(Data for analysis)

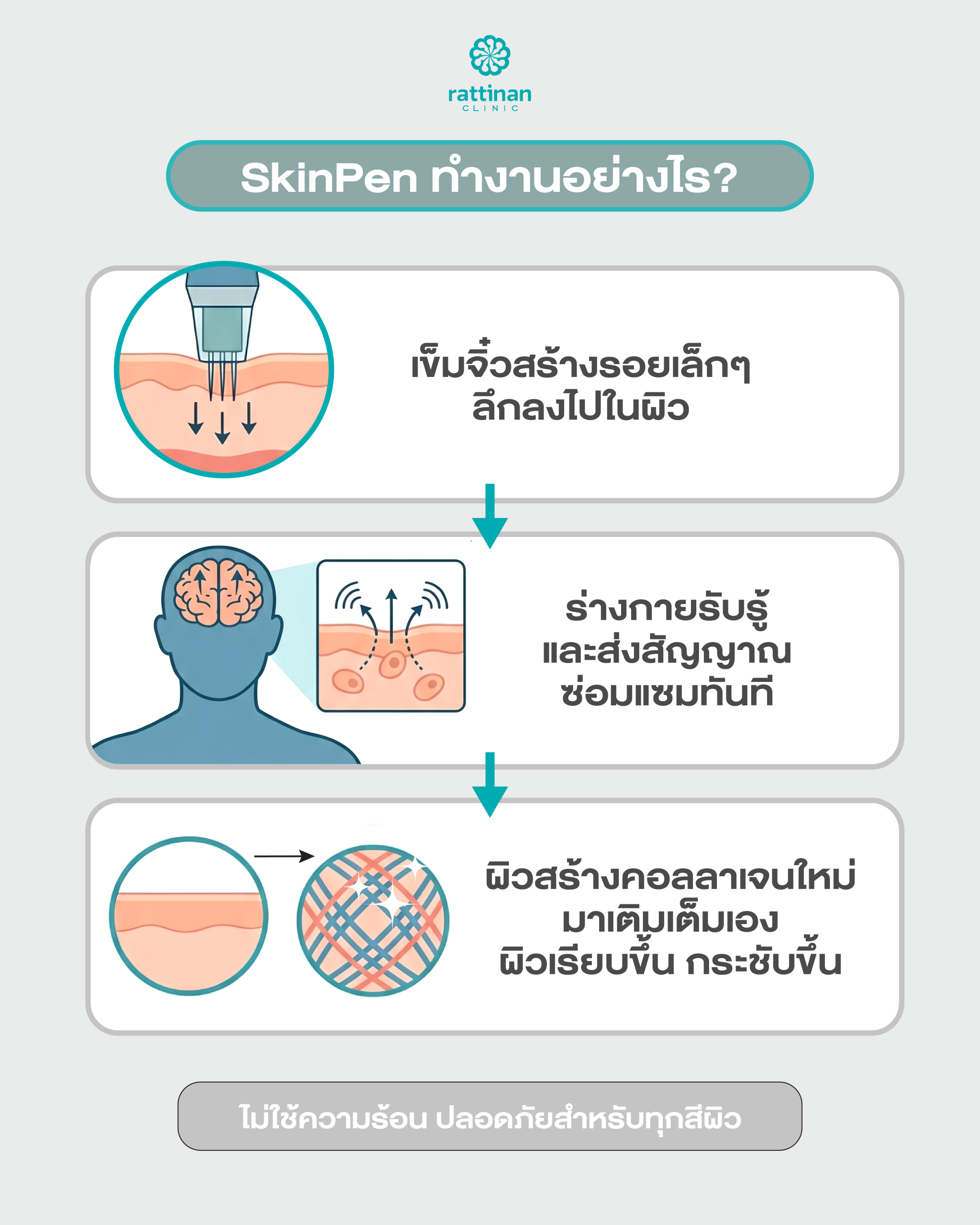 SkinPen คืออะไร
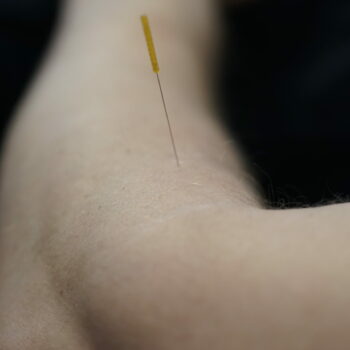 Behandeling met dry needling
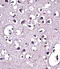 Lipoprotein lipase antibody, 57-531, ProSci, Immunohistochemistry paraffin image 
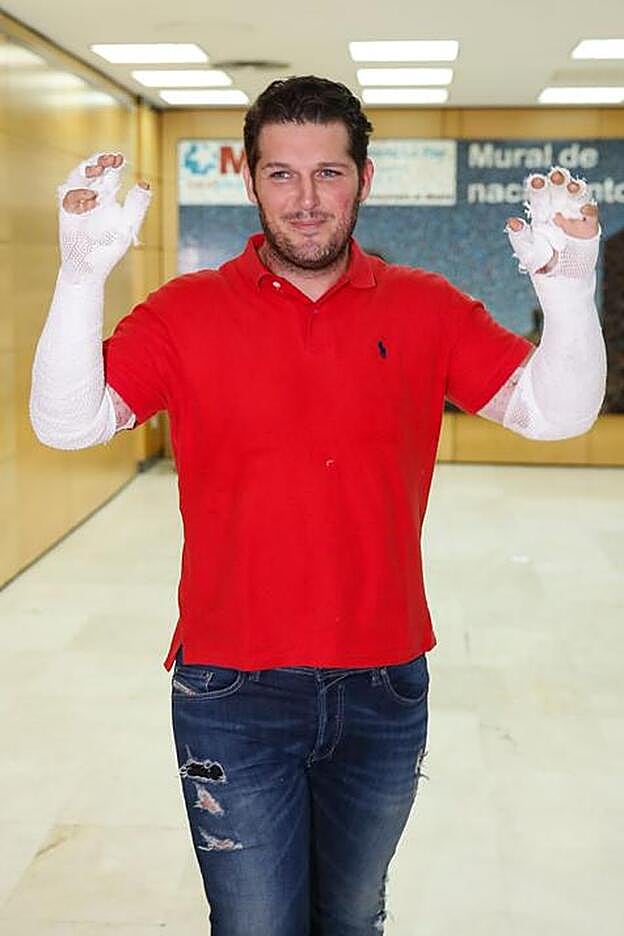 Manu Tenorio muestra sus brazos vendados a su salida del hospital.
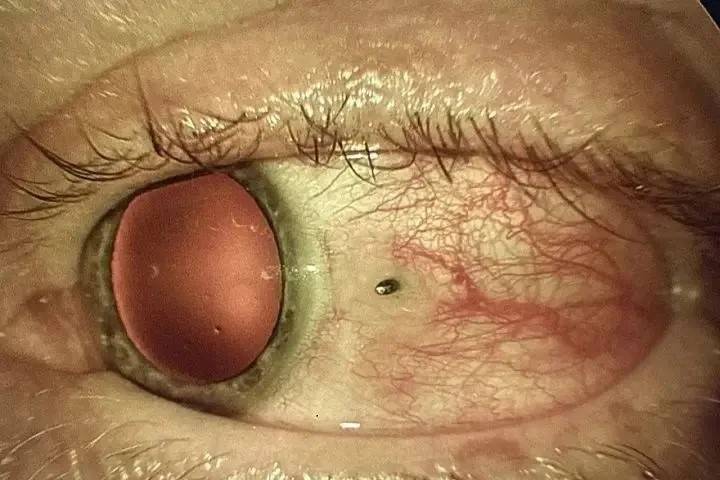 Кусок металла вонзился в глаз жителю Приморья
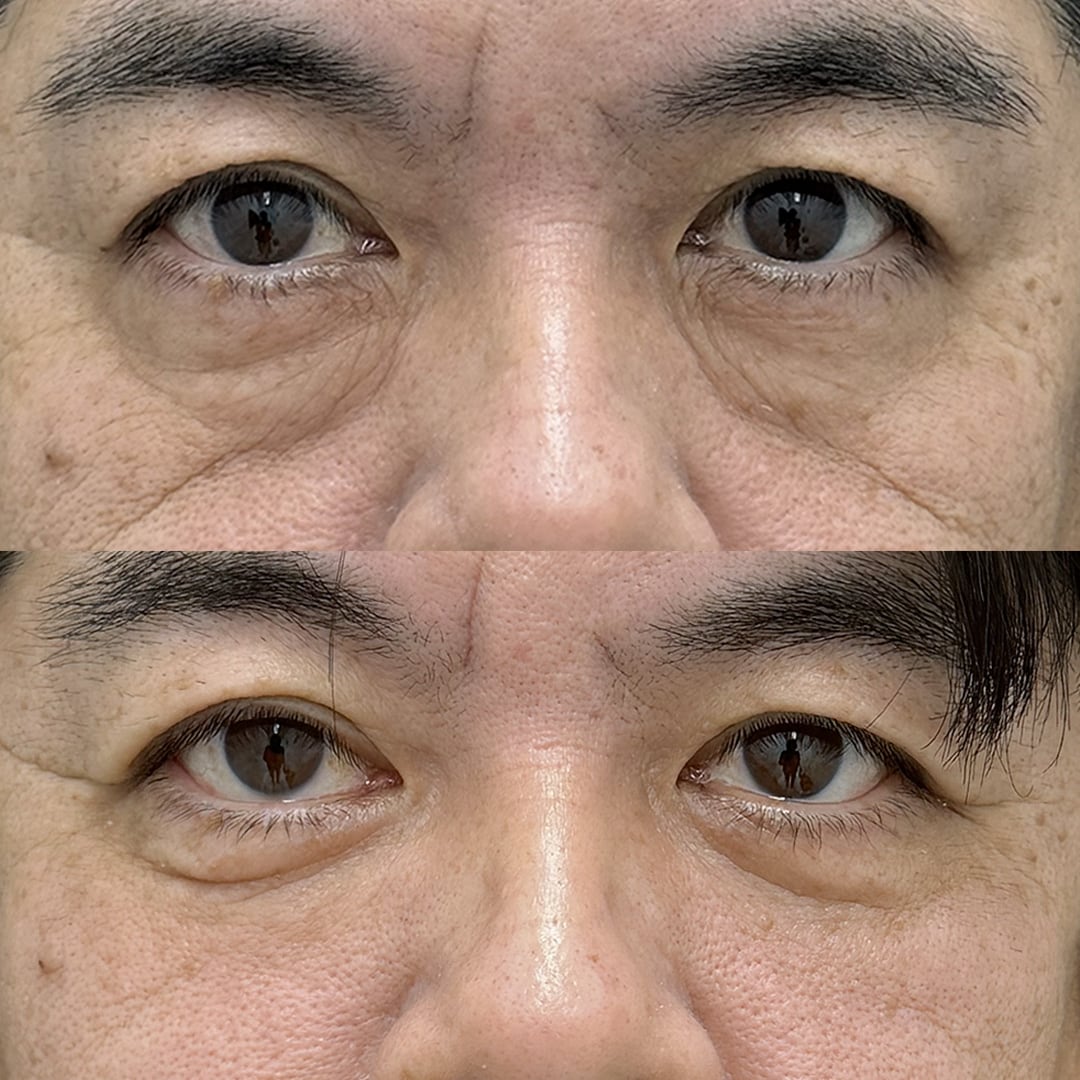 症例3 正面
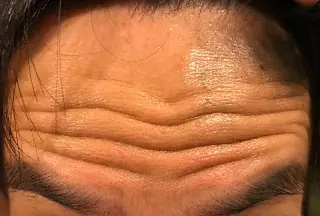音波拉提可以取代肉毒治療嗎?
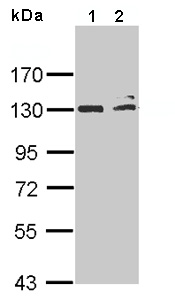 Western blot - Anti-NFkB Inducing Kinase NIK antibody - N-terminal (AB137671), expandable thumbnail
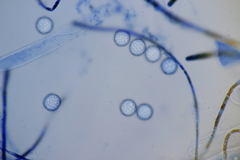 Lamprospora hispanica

(End Data for analysis)

### Problem to solve
Give again exactly the lines from the one that contains "音波拉提可以取代肉毒治療嗎?" through the end of the material, both ends included, omitting the pictures.

### Solution to this exercise
音波拉提可以取代肉毒治療嗎?
 Western blot - Anti-NFkB Inducing Kinase NIK antibody - N-terminal (AB137671), expandable thumbnail
 Lamprospora hispanica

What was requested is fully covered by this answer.